■ Task brief:
The response should reproduce exactly the lines from the top of the listing below through the one that contains "May include: A", and nothing else; pictures do not belong in it.
──────── Source data ────────
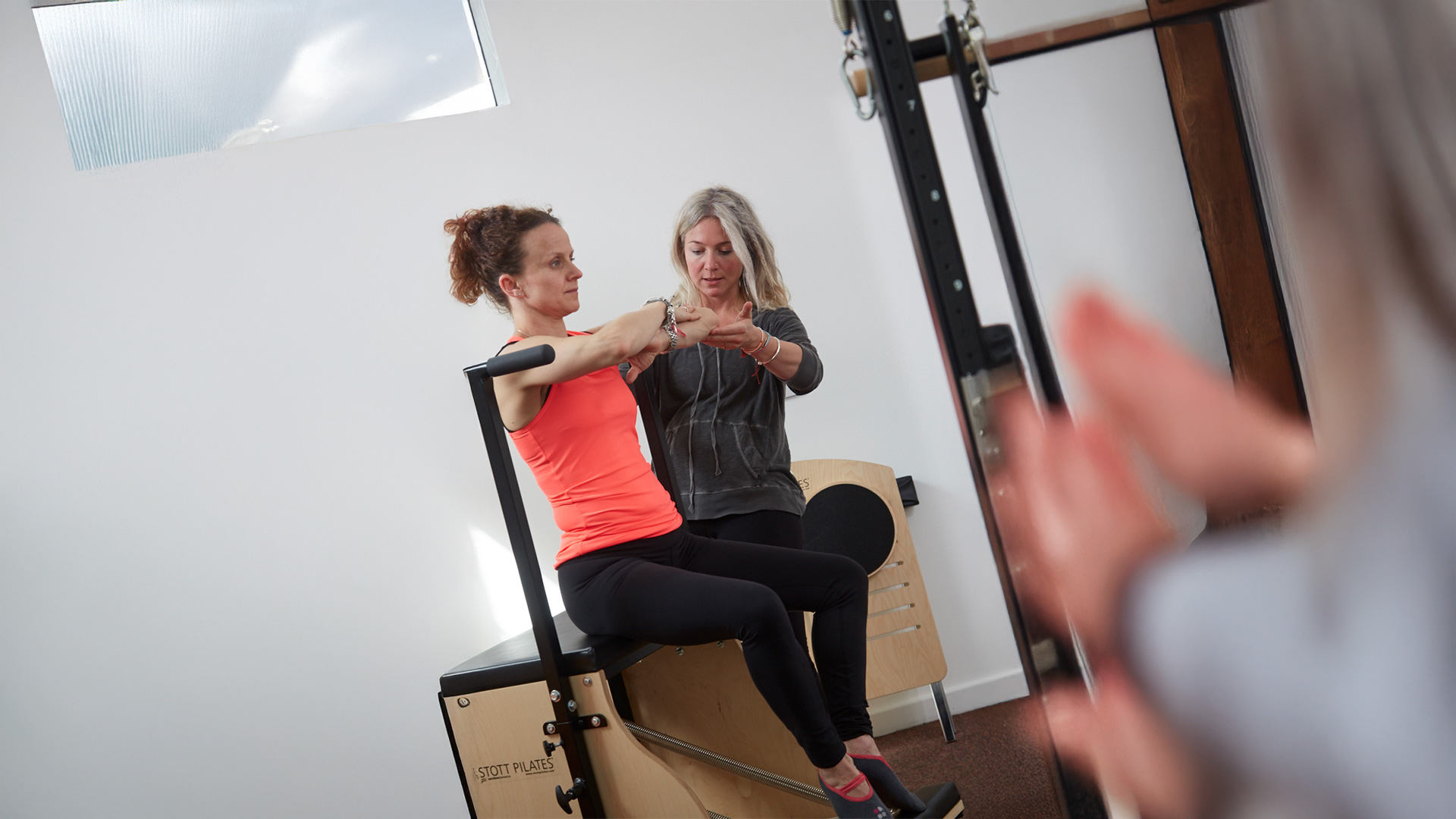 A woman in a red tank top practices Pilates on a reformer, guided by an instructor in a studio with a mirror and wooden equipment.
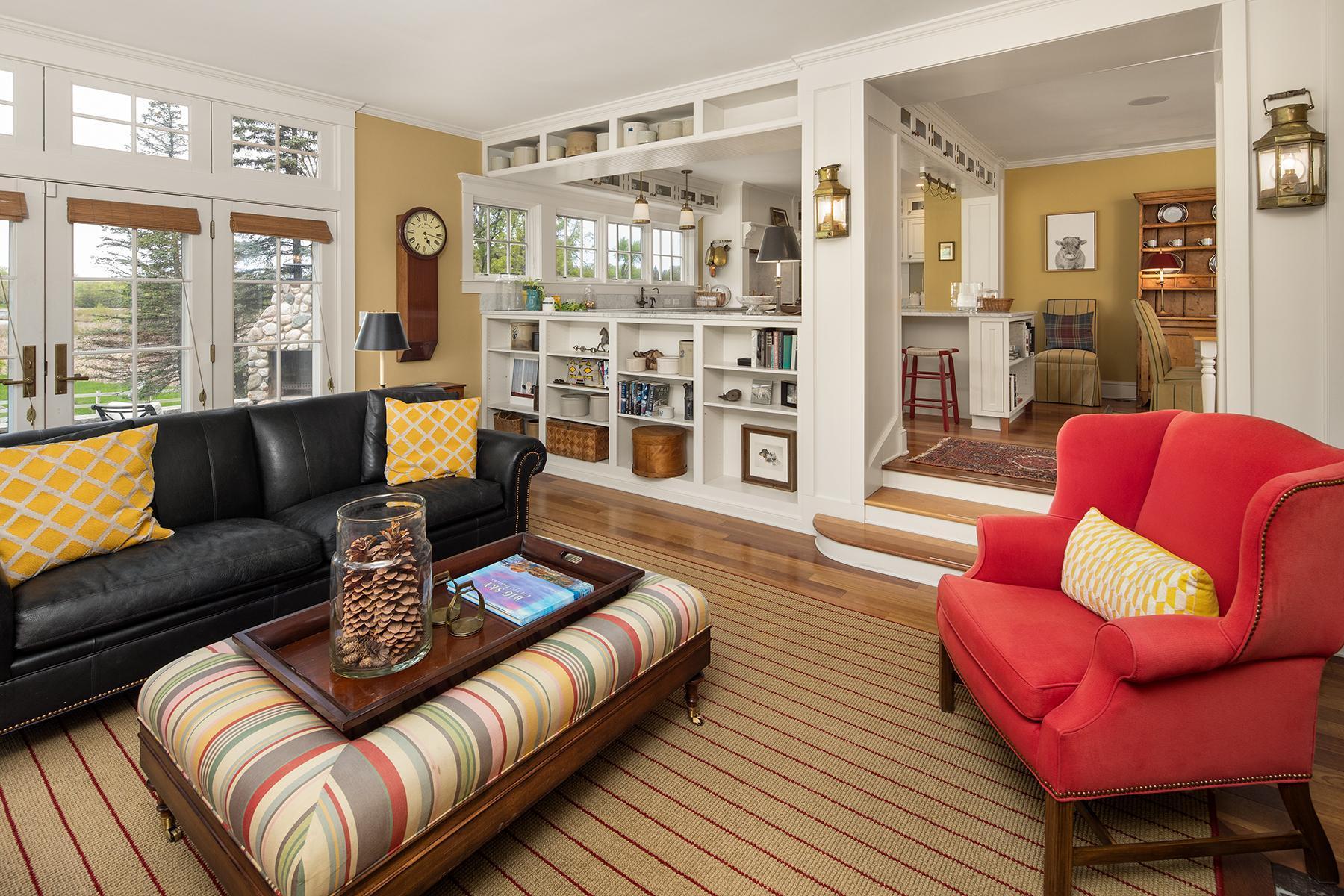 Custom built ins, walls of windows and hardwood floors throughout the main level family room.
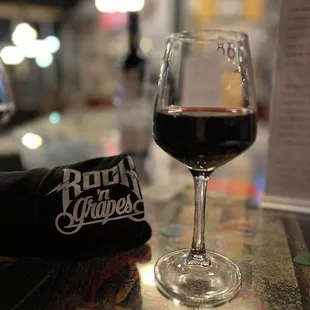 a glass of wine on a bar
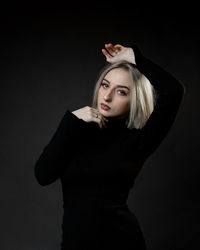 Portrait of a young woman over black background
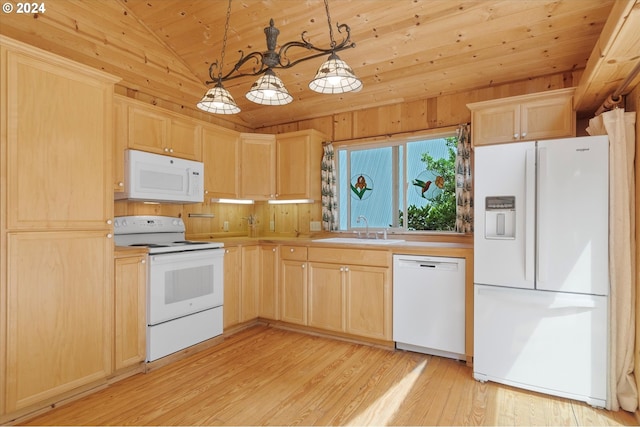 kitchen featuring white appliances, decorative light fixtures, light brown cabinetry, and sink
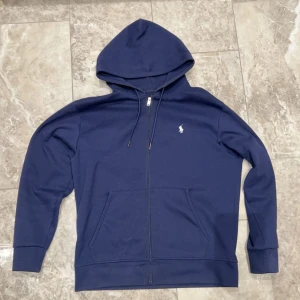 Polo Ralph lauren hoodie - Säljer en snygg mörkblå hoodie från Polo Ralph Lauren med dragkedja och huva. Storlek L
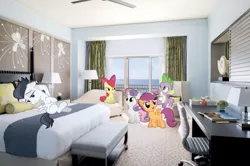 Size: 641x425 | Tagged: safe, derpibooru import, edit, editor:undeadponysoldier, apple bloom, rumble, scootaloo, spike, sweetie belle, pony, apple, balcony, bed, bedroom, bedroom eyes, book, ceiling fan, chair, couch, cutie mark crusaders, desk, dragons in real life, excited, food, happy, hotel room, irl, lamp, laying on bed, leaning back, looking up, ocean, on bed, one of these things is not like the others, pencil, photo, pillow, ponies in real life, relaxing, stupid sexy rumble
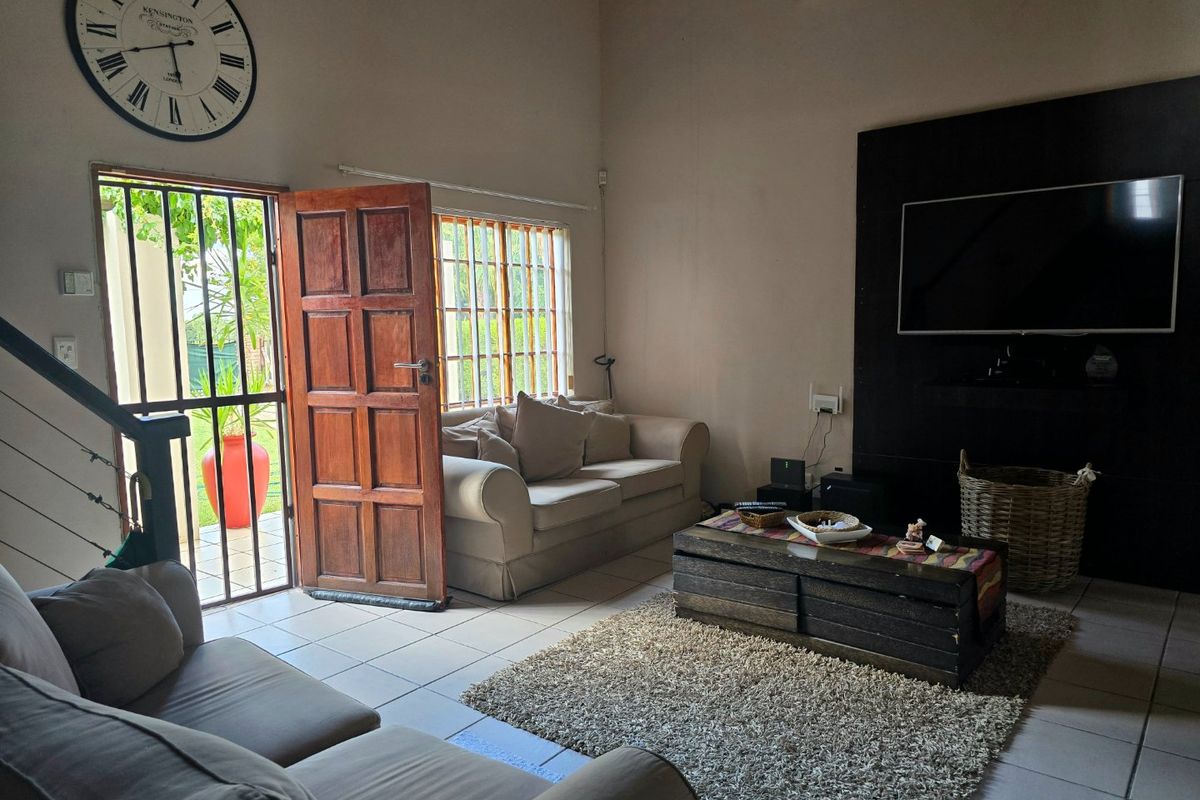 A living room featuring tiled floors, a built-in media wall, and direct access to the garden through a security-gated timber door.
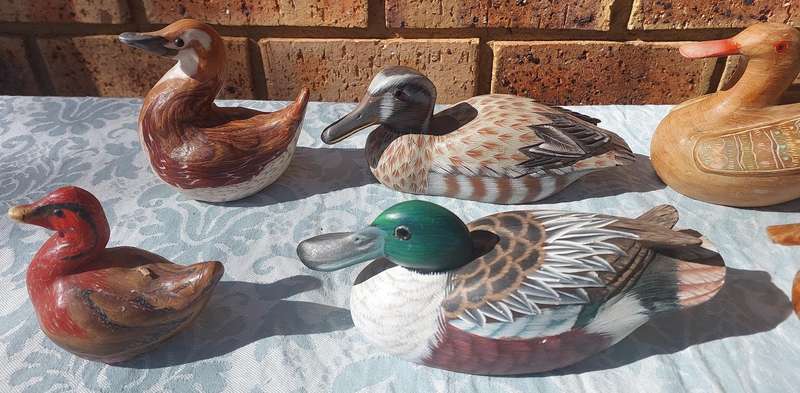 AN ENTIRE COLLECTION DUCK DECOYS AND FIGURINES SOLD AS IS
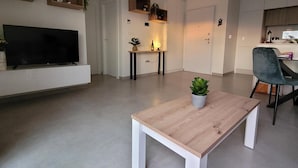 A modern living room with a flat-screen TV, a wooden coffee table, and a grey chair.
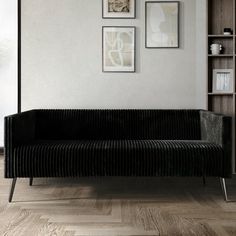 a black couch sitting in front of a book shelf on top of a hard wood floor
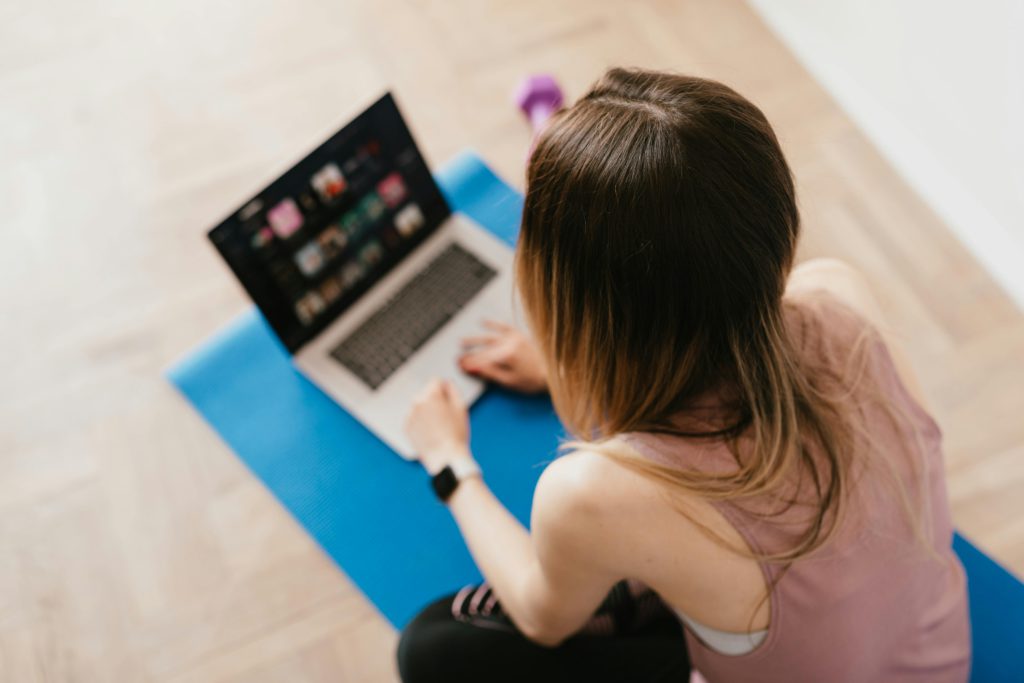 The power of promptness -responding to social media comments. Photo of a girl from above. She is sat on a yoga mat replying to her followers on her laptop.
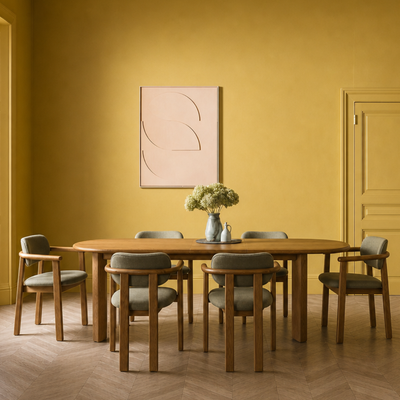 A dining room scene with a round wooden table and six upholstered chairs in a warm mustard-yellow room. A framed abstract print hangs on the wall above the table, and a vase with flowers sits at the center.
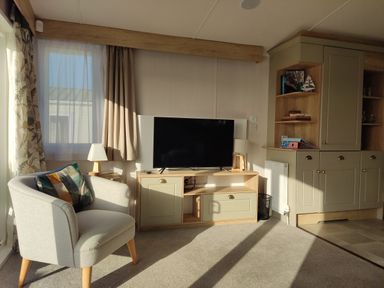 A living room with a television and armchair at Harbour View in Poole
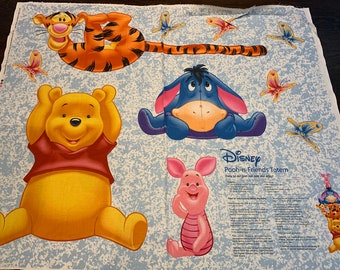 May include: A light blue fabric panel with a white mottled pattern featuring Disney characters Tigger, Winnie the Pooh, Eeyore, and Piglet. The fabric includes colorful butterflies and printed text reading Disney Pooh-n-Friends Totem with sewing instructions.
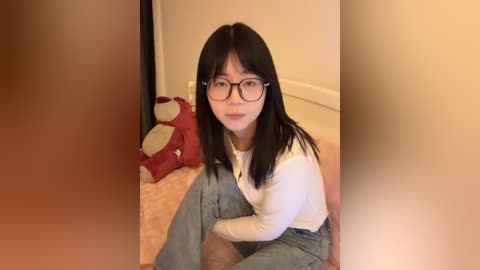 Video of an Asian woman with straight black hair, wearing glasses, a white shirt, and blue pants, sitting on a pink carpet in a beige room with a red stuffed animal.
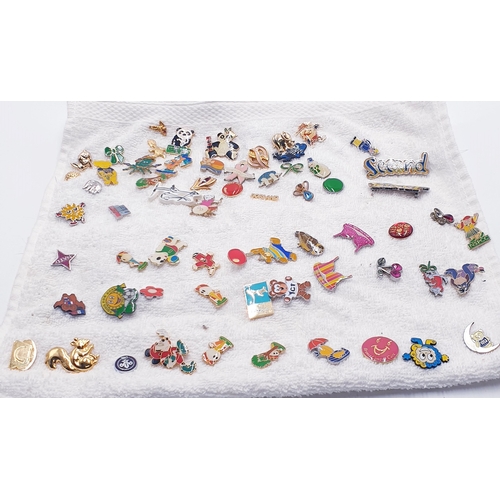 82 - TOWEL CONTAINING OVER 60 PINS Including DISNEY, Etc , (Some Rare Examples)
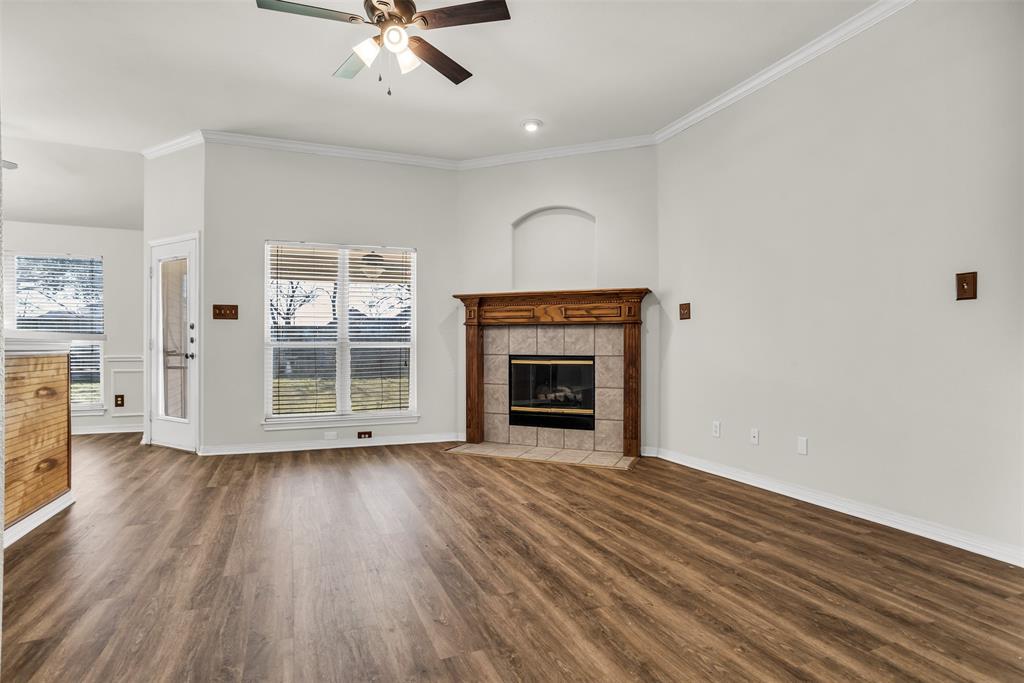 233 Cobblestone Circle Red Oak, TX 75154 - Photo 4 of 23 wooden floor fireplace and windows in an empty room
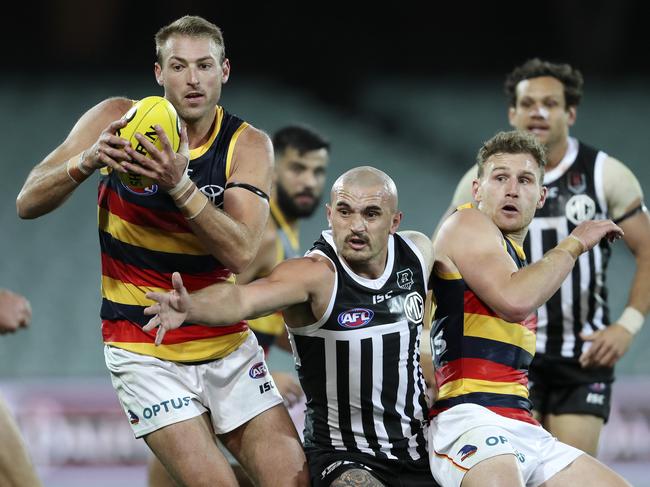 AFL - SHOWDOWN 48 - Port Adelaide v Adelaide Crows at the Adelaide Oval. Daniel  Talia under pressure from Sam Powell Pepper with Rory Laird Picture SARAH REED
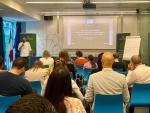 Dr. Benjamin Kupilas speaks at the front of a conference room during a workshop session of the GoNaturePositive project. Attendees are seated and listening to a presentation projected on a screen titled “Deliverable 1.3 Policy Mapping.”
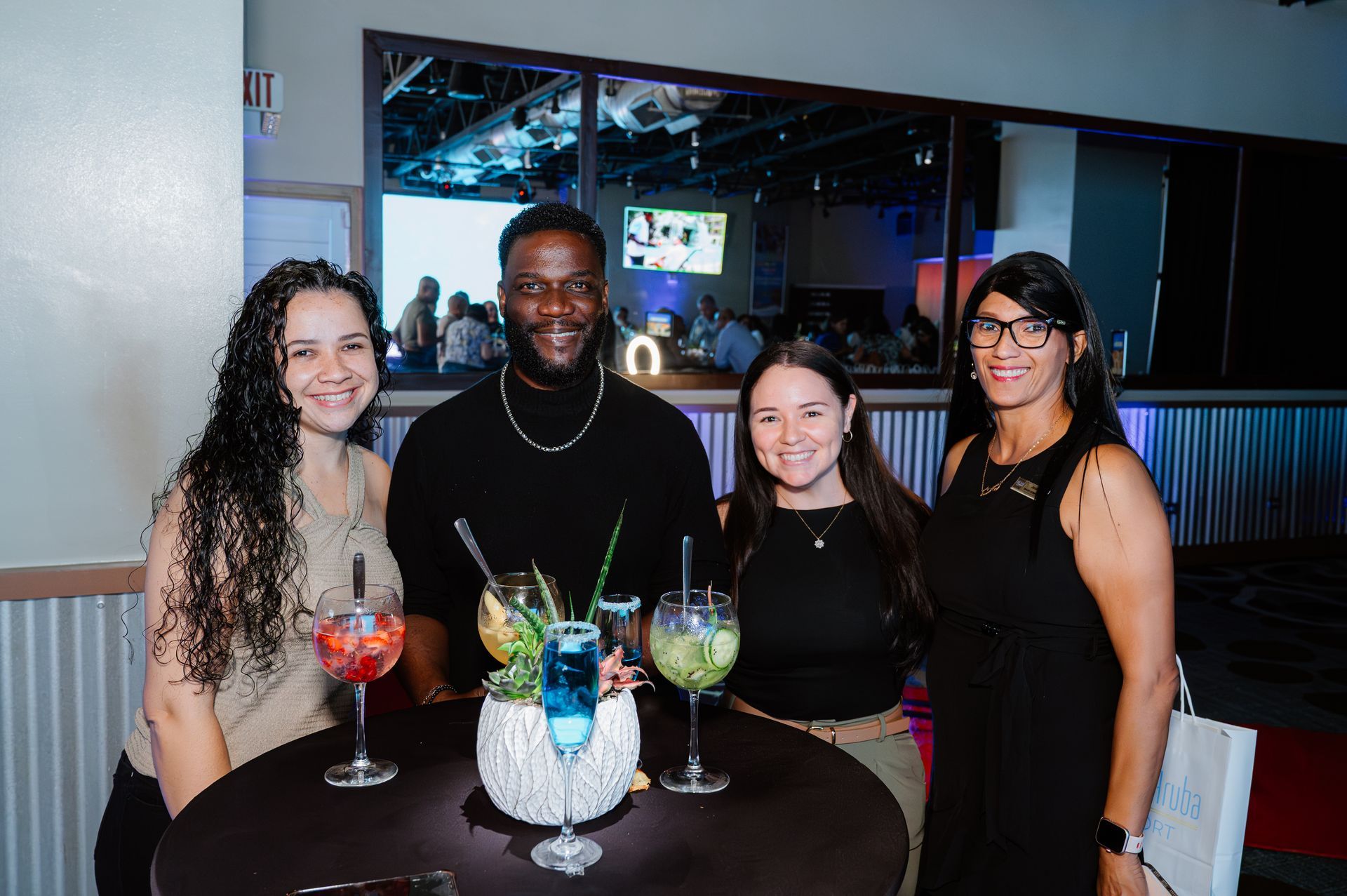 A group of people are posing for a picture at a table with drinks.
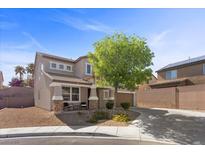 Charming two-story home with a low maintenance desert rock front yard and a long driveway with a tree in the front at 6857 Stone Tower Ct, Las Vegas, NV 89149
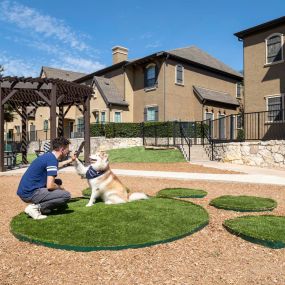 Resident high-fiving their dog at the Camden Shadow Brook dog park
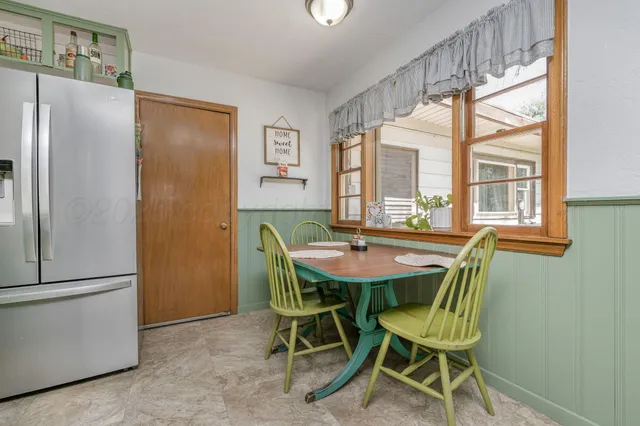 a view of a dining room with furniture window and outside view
────────
■ Answer for the task:
 A woman in a red tank top practices Pilates on a reformer, guided by an instructor in a studio with a mirror and wooden equipment.
 Custom built ins, walls of windows and hardwood floors throughout the main level family room.
 a glass of wine on a bar
 Portrait of a young woman over black background
 kitchen featuring white appliances, decorative light fixtures, light brown cabinetry, and sink
 Polo Ralph lauren hoodie - Säljer en snygg mörkblå hoodie från Polo Ralph Lauren med dragkedja och huva. Storlek L
 Size: 641x425 | Tagged: safe, derpibooru import, edit, editor:undeadponysoldier, apple bloom, rumble, scootaloo, spike, sweetie belle, pony, apple, balcony, bed, bedroom, bedroom eyes, book, ceiling fan, chair, couch, cutie mark crusaders, desk, dragons in real life, excited, food, happy, hotel room, irl, lamp, laying on bed, leaning back, looking up, ocean, on bed, one of these things is not like the others, pencil, photo, pillow, ponies in real life, relaxing, stupid sexy rumble
 A living room featuring tiled floors, a built-in media wall, and direct access to the garden through a security-gated timber door.
 AN ENTIRE COLLECTION DUCK DECOYS AND FIGURINES SOLD AS IS
 A modern living room with a flat-screen TV, a wooden coffee table, and a grey chair.
 a black couch sitting in front of a book shelf on top of a hard wood floor
 The power of promptness -responding to social media comments. Photo of a girl from above. She is sat on a yoga mat replying to her followers on her laptop.
 A dining room scene with a round wooden table and six upholstered chairs in a warm mustard-yellow room. A framed abstract print hangs on the wall above the table, and a vase with flowers sits at the center.
 A living room with a television and armchair at Harbour View in Poole
 May include: A light blue fabric panel with a white mottled pattern featuring Disney characters Tigger, Winnie the Pooh, Eeyore, and Piglet. The fabric includes colorful butterflies and printed text reading Disney Pooh-n-Friends Totem with sewing instructions.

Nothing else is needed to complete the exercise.